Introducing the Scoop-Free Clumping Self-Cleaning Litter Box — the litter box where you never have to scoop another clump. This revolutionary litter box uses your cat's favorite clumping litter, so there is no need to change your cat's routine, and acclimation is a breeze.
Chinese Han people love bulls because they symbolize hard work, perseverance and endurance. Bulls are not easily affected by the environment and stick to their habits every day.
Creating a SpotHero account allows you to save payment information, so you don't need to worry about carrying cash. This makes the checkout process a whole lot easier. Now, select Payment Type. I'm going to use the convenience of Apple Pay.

□ □ □ □

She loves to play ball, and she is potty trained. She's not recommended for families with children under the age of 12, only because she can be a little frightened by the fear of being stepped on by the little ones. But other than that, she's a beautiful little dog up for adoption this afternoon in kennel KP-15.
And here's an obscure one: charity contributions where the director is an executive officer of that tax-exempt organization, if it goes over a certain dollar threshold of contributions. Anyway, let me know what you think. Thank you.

□ □ □ □

ABOUT THIS TASK:
From the records above, quote only the lines running from the line with "Chinese Han people" to the line with "Creating a SpotHero", both lines included.

ANSWER SECTION:
Chinese Han people love bulls because they symbolize hard work, perseverance and endurance. Bulls are not easily affected by the environment and stick to their habits every day.
Creating a SpotHero account allows you to save payment information, so you don't need to worry about carrying cash. This makes the checkout process a whole lot easier. Now, select Payment Type. I'm going to use the convenience of Apple Pay.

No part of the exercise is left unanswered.